O retorno do público com Sentimental Palace tem sido diferente. "O que diferente do 'Par de Olhos', eu sinto que as pessoas têm me escrito mais e de uma forma mais profunda. As pessoas tiveram um contato um pouco mais profundo.
YMA admite que teve receios na hora do lançamento. "Eu falei: ‘Gente, pode soar um pouco difícil, porque tem umas músicas que não são tão óbvias, não tem refrão. Eu acho que é um disco que não tem muito refrão.
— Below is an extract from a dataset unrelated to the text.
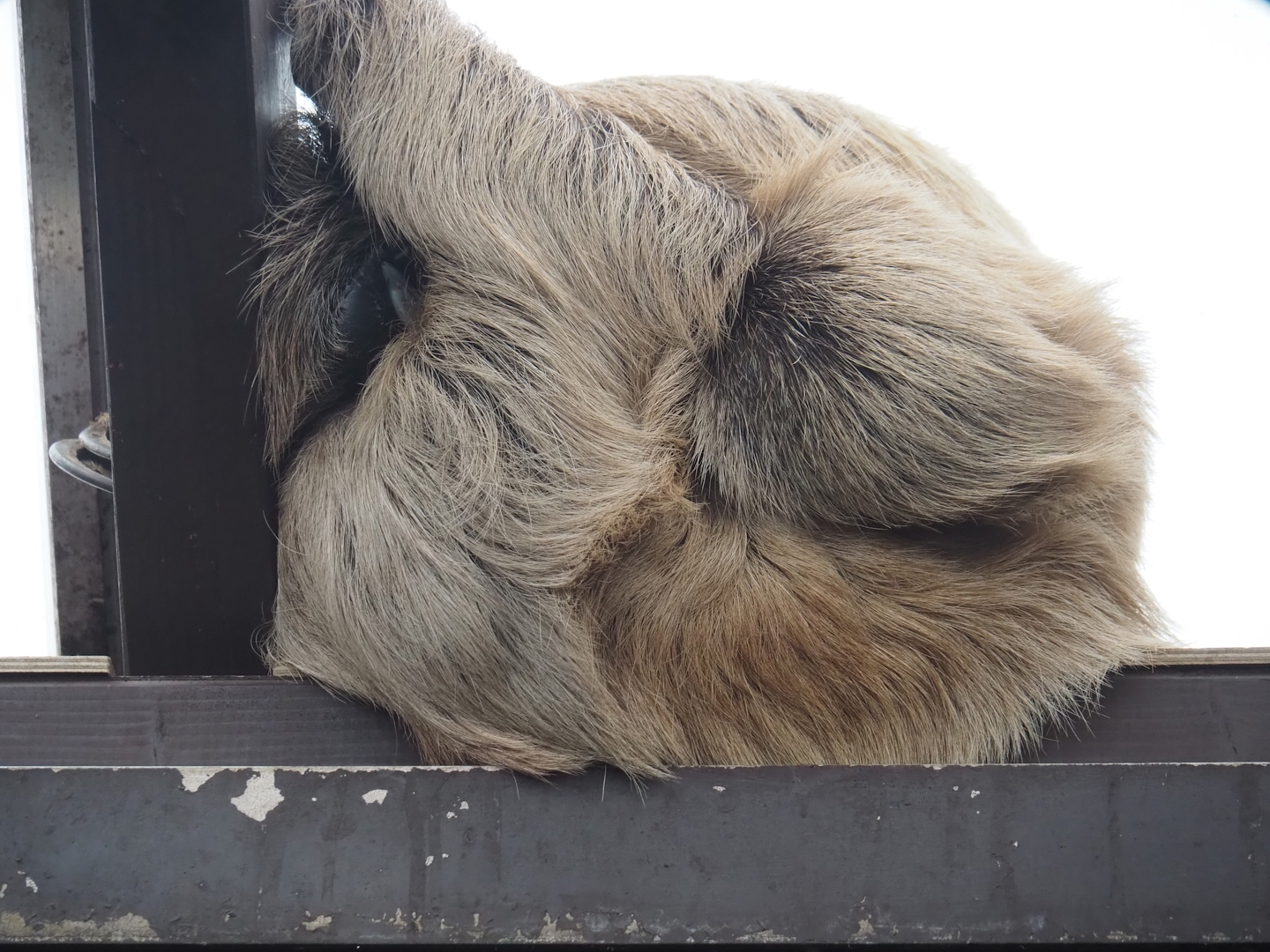 Linnaeus's two-toed sloth (Choloepus didactylus), 2024-05-22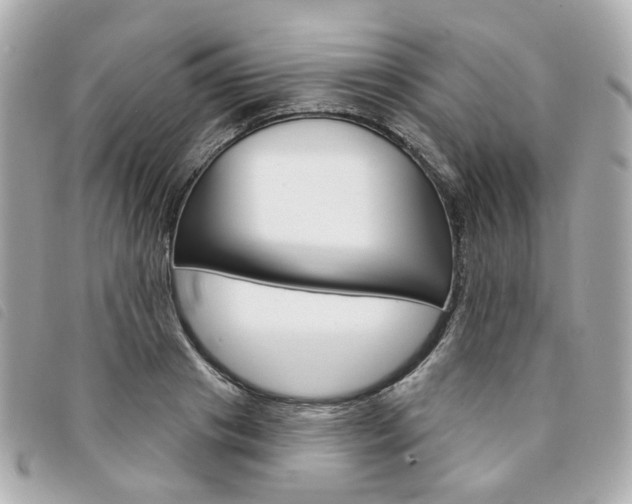 X0000094210841200710260931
Mas enfim, é isso que eu tenho para entregar."
Universos inesgotáveis
Assim como fez com Par de Olhos, que ela tocou em shows até 2025, YMA pretende mergulhar fundo no universo de Sentimental Palace. "Como ainda é muito recente, tem muita coisa pulsando dele ainda dentro de mim. Quando a gente imagina uma estética e um universo, ele é inesgotável, a gente pode continuar criando para sempre."
Em abril, ela fará um show especial no Sesc Pompeia, onde pretende trazer os figurinos e a estética completa do álbum. "Vai ser um show que eu vou conseguir trazer os figurinos do Sentimental Palace. O show também é uma ferramenta de passar todas essas situações do disco, do universo que eu ainda não consegui só com disco."
E quanto ao futuro? "Eu passei por um longo período de bloqueio criativo e ter feito o Sentimental Palace desbloqueou muita coisa. Eu sento para escrever e a coisa está voltando. Mas eu estou respeitando o tempo das coisas e o universo que ainda está pulsando."
Por enquanto, YMA segue habitando seu palácio sentimental, onde o mistério, como nos filmes de David Lynch que tanto admira, é parte essencial da experiência.